Когда я пою, моя мама здорова. Ведь за закрытыми глазами у меня проносятся воспоминания, как она учила меня играть на рояле в нашей гостиной, залитой утренним солнцем.
Она всегда пела себе под нос, даже когда просто готовила завтрак. У нее был легкий, высокий голос – не сильный, но искренний, и именно он впервые заставил меня почувствовать музыку.
– Главное – не идеальные ноты, милая. Главное – чувствовать, – говорила она и нажимала на клавиши, будто доверяя им что-то тайное.
Мама уже почти год не поет. Иногда, когда я скучаю по ее жизненной энергии особенно сильно, мне кажется, что этот звук до сих пор проигрывается где-то в доме. Застрял между стен, прячется в щелях паркета, звучит в тишине, если прислушаться.
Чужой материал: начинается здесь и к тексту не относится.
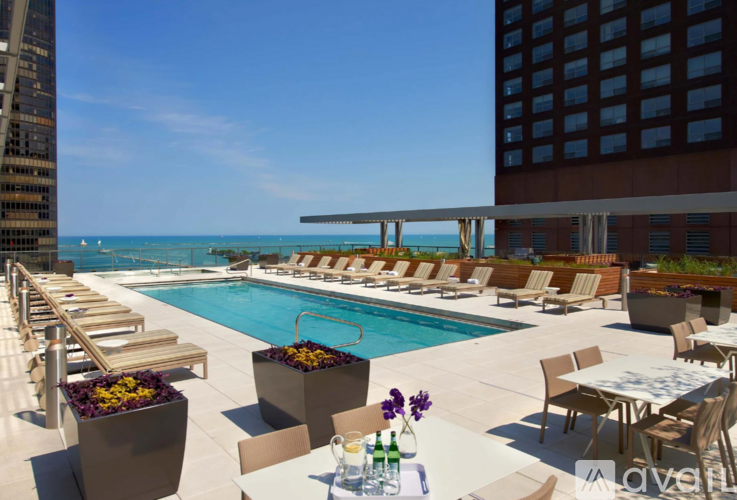 A pool area with chairs and a table with flowers on it.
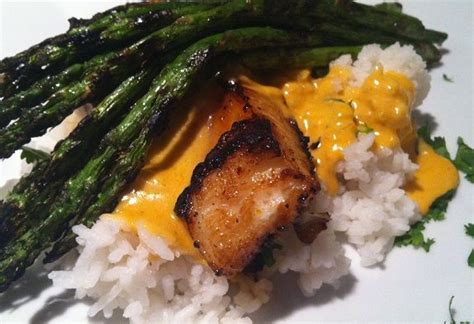 Sake Marinated Sea Bass With Grilled Asparagus Atop Coconut Curry And Cilantro Jasmine Rice
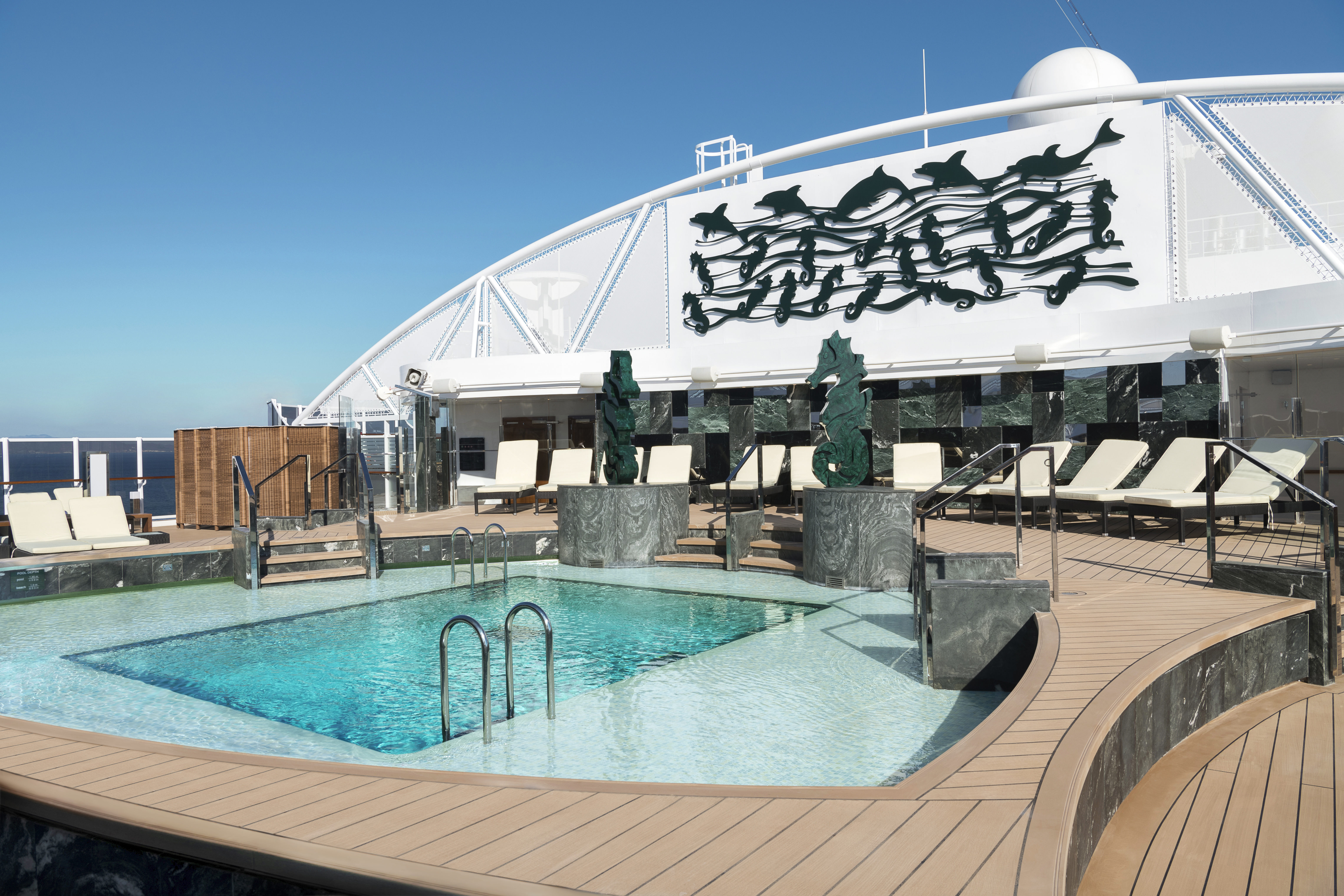 MSC Seaside Yacht Club Pool with seahorse sculptures on a sunny day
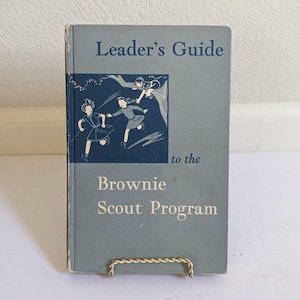 May include: A blue book with the title "Leader's Guide to the Brownie Scout Program". The cover features an illustration of three girls in uniform playing.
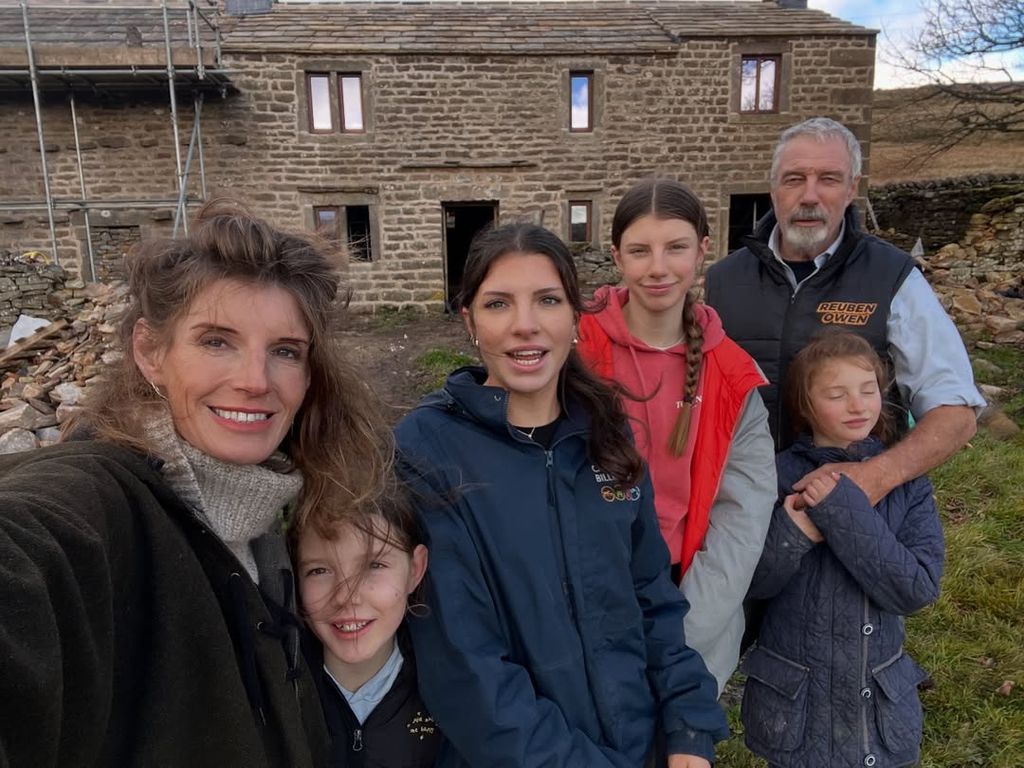 Amanda Owen with four of her children and ex-husband Clive posing for a selfie outside farmhouse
Приятное тепло разливается по венам – и это намного лучше, чем алкоголь, согревающий кровь. Я подавляю рвущуюся улыбку, сохраняя ее внутри себя. Сохраняя ее там, в воспоминаниях, где я счастлива.
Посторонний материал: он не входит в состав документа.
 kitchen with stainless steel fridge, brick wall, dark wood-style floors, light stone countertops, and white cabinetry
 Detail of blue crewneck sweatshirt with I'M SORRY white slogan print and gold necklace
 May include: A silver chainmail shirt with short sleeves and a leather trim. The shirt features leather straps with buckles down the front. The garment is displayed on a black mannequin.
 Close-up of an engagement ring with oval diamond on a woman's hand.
Мурашки скользят по всему телу, заставляя меня резко распахнуть глаза. Как и в прошлый раз.
И как и в прошлый раз – на меня смотрит мужчина, обладающий каким-то даром. Дар смотреть внутрь меня, пока песня слетает с моих губ.
Когда я беру последний аккорд и заканчиваю, мы с Томасом делаем синхронный вдох.
Я знаю, что он знает.
Он знает, что я знаю.
И этого «знаю» так много, что мы предпочитаем молчать. И делать вид, что не знаем.
Глава 4
Томас
Я всегда не понимал, почему Леди Баг и Супер-Кот настолько глупы, что не могут узнать друг друга в реальной жизни. Я имею в виду… они же просто надевают маски, прикрывающие глаза. Маринетт вечно кричит о любви к Адриану, но не может узнать его в проклятом костюме кота?
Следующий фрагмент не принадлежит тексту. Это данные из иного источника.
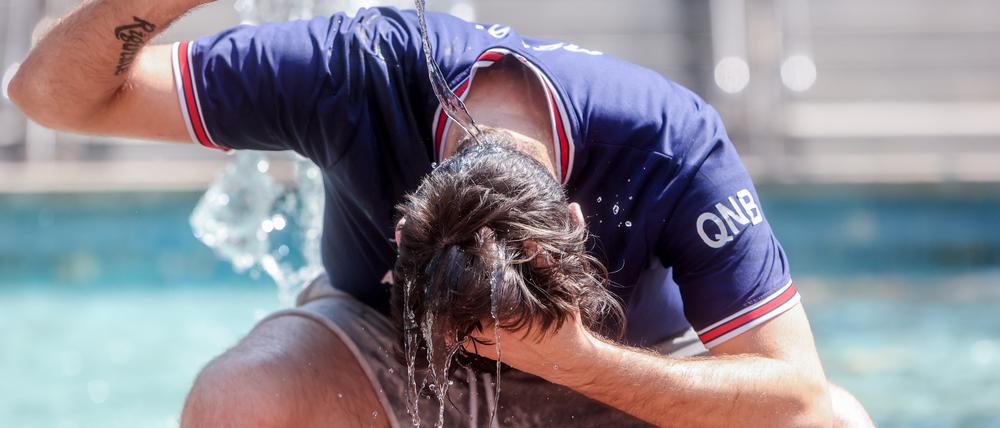 Ein junger Mann übergießt sich mit einer Wasserflasche, um die Hitze zu bekämpfen. Der vergangene Sommer ist nach Auswertungen des EU-Klimawandeldienstes Copernicus der wärmste bisher gemessene in Europa gewesen. 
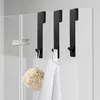 Black hooks hanging on a glass shower door, holding a loofah and a towel. Produktbild-Vorschau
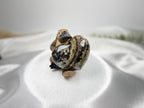 Treasured Energies large polished Ocean Jasper crystal heart held by a small platypus figurine on white satin fabric.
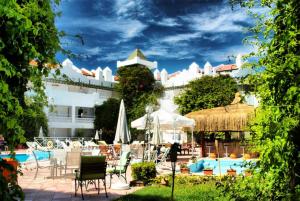 a view of a resort with a swimming pool at Hotel Golden Gate in Kusadası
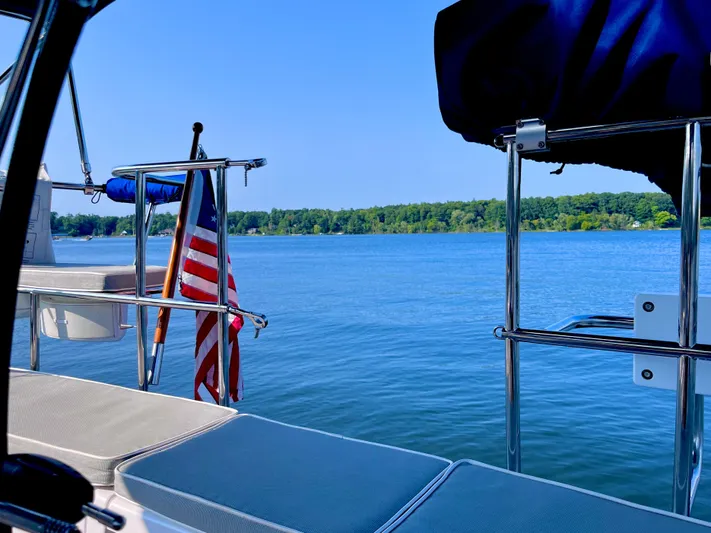 Amadeus Yacht Photos Pics Catalina 355 sailboat with American flag on serene lake, 2014 model.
Мы не будем выяснять, откуда я все это знаю.
Сосредоточимся на главном.
А главное заключается в том, что предчувствие не обмануло меня.
Что-то внутри подсказывало, что таинственная незнакомка в лучах синего света тем вечером – совсем не незнакомка. Это чувство было мимолетным. Но где-то на подсознательном уровне я понимал, что встречал ее раньше.
А ведь я даже никогда не был влюблен в Джемму, как Леди Баг в Супер-кота.
Мы просто всю жизнь провели, можно сказать, бок о бок. Ее лицо всегда было в поле моего зрения. Возможно, если бы я не подошел ближе к сцене, или ее голос не пробрал бы меня до костей, незнакомка так и осталась бы незнакомкой. Просто обнаженной поющей девушкой в баре, на которую, например, Нил, Марк и Люк лишь мельком обратили внимание.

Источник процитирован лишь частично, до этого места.